China is down a bit more than 1 percent on a currency flap between the U.S. and China, and on vague concerns of higher interest rates.
1) Credit card trends improving: Capital One reported net charge-offs (loans unlikely to be collected) declined to 10.19 percent, from 10.41 percent in January. Delinquencies (30 days late or more) of 5.51 percent, from 5.8 percent in January. Auto loan charge-offs are also improving. Barclays Capital said "credit trends are improving and could be even better in the coming months if we experience the normal seasonal tailwinds." Several firms--including Macquarie and William Blair--raised estimates for the quarter.

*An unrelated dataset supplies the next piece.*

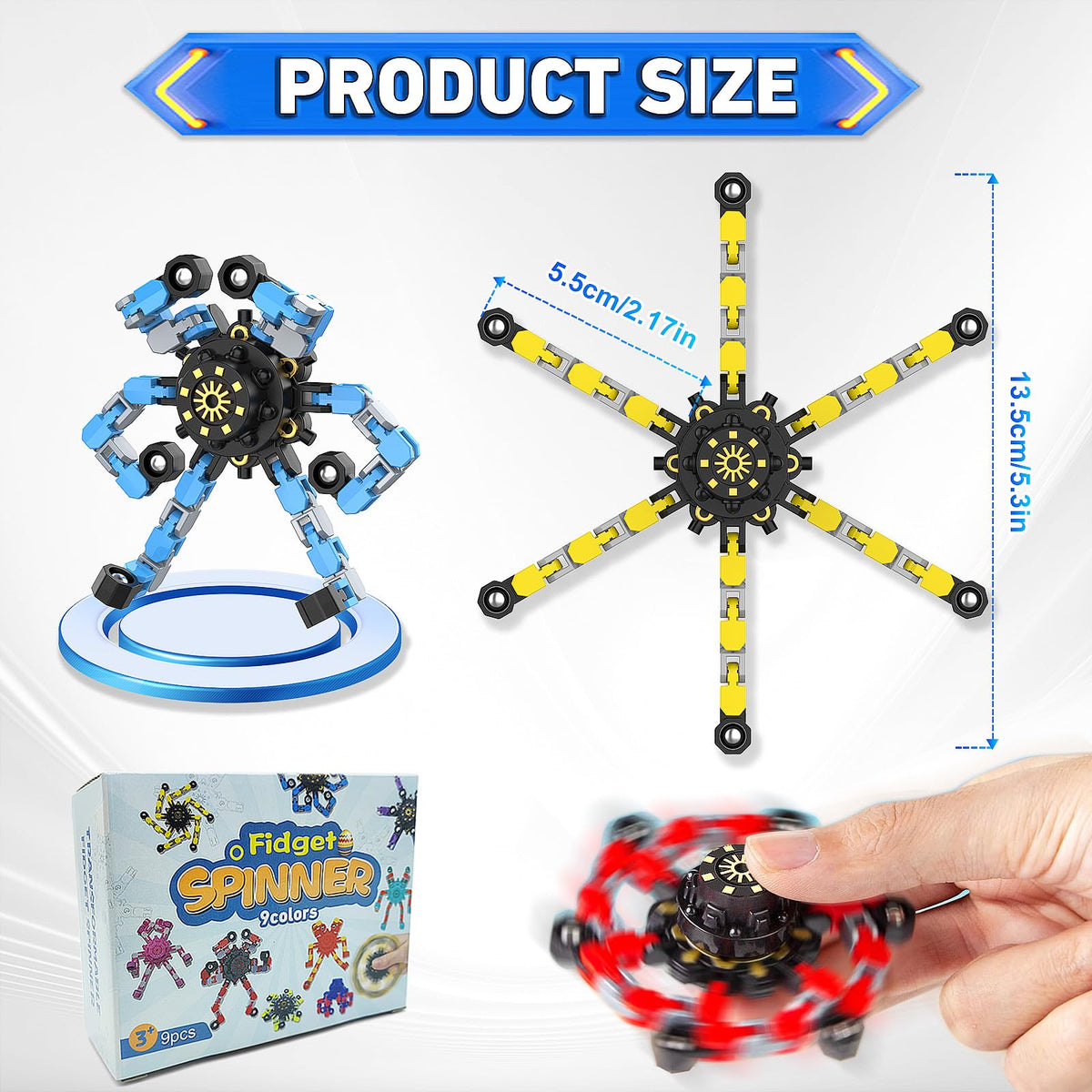 Transformable Fidget Spinners,9PCS Funny Sensory Fidget Toys for Kids | Deformable DIY Robot Spinner Fingertip Stress Relief Gyro Toy Kids Halloween Party Favors Stocking Stuffers Gifts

2) Phillips-Van Heusen rises 4 percent after announcing it would acquire Tommy Hilfiger from private equity firm Apax Partners. At a price tag of $3.0 billion, the acquisition of Tommy Hilfiger is valued more than the current $2.4 billion market cap of Phillips-Van Heusen, the maker of Izod and Calvin Klein. The deal is expected to be accretive to earnings this year.
3) Boston Scientific plunges 17 percent after Bernstein Research noted that the medical device maker is suspending all sales of its implantable cardioverter defibrillator (ICDs—similar to a pacemaker) indefinitely due to am FDA review of documentation errors related to the manufacturing process.

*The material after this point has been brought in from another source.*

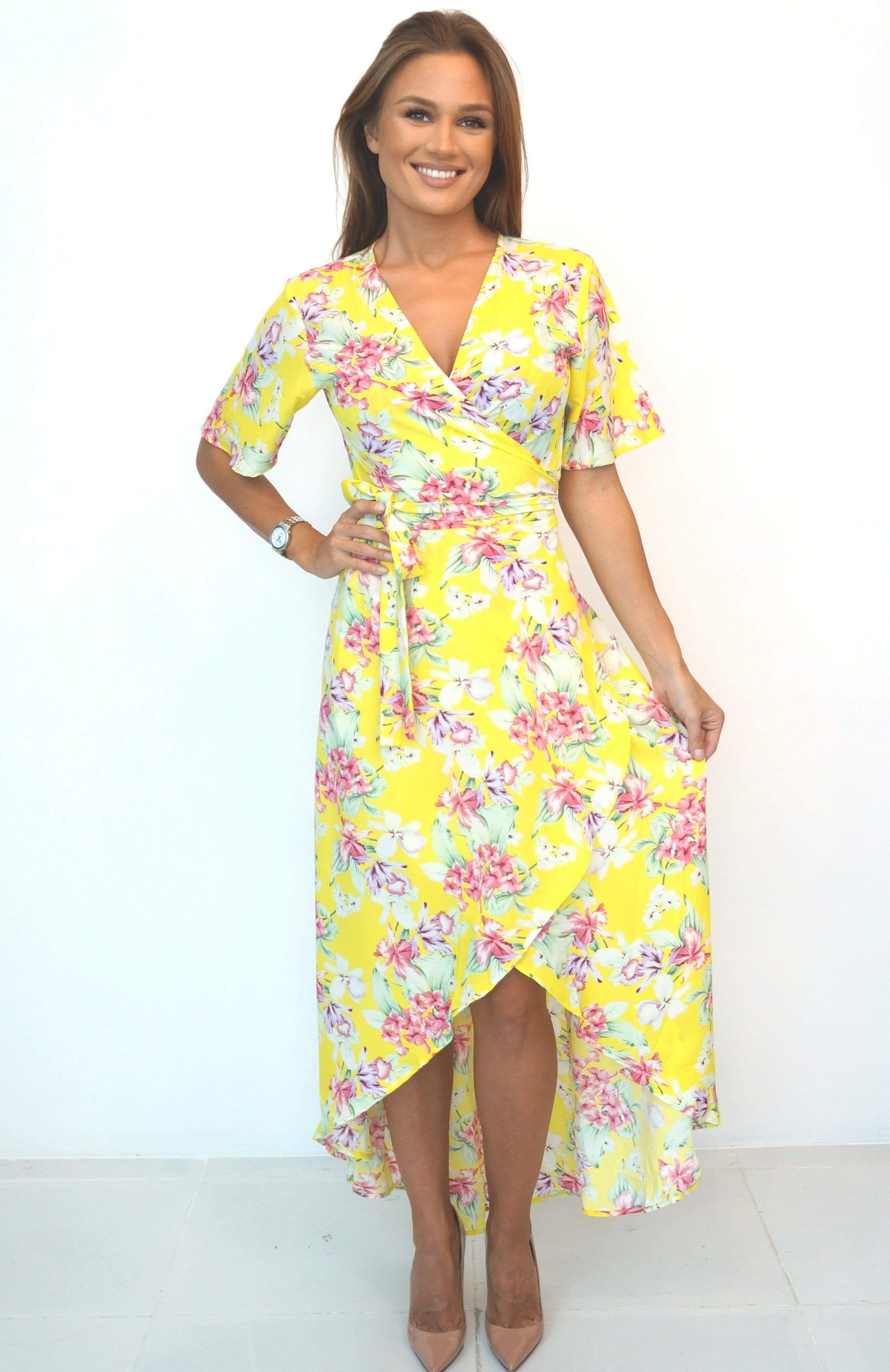 The Maxi Wrap Dress - Summer Yellow Floral – NEON STAR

On the still unconfirmed report, rivals St. Jude and Medtronic are getting a small boost - up 4 percent and 1 percent, respectively.

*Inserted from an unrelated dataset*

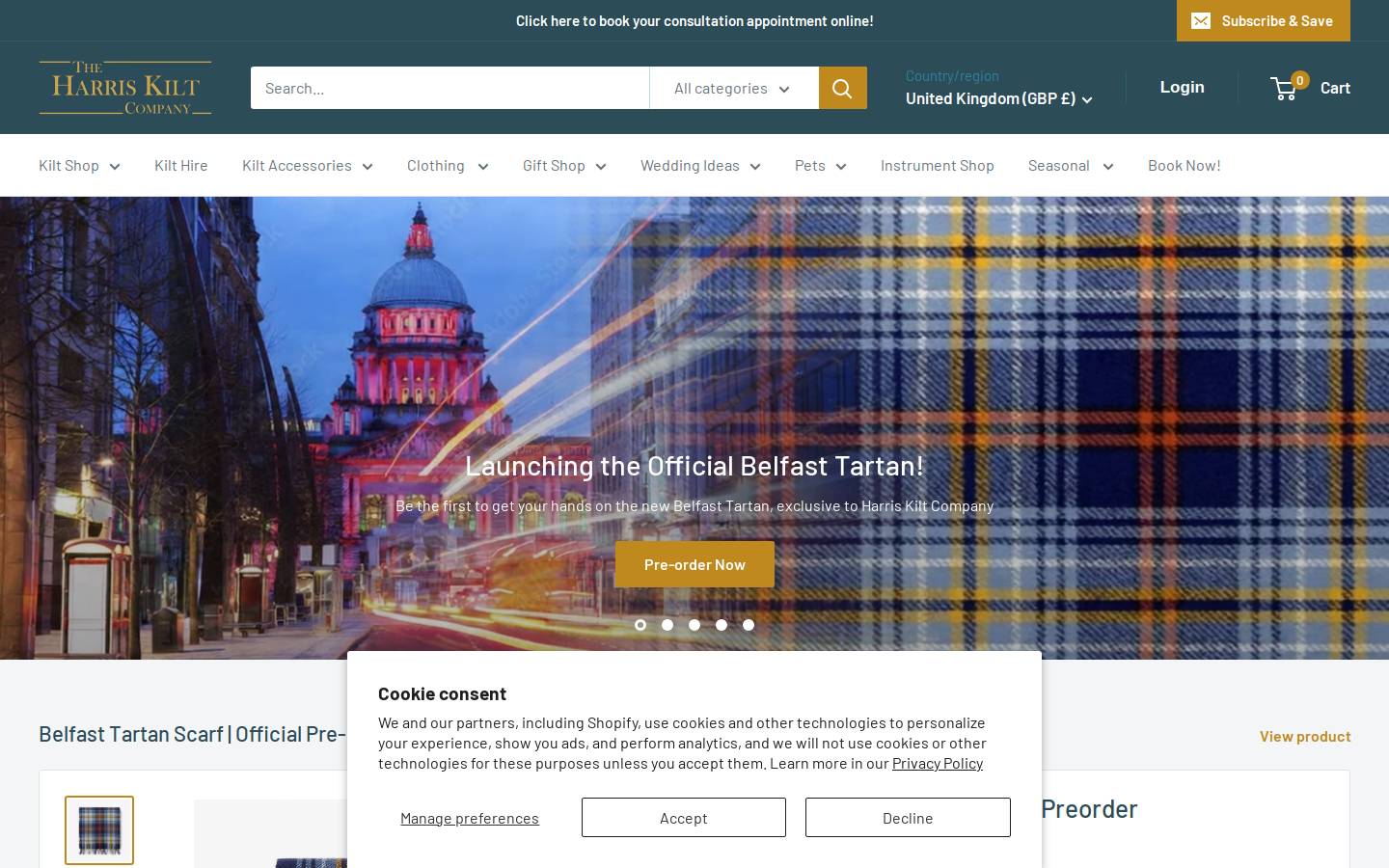 harriskiltcompany.com homepage screenshot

4) PepsiCo moves up 1 percent after raising its annual dividend by 7 percent to $1.92 and announcing a $15 billion stock buyback program, continuing the string of dividend hikes and share repurchases companies have announced this quarter.
5) Wal-Mart is up 1 percent after being upgraded to "buy" at Citigroup on expectations the discounter will remain very aggressive with its pricing strategies to continue building its market share.
Citi also raises the retailer's full-year comps and boosts earnings estimates by $0.04 to $4.04, above the current Street consensus estimate of $3.98.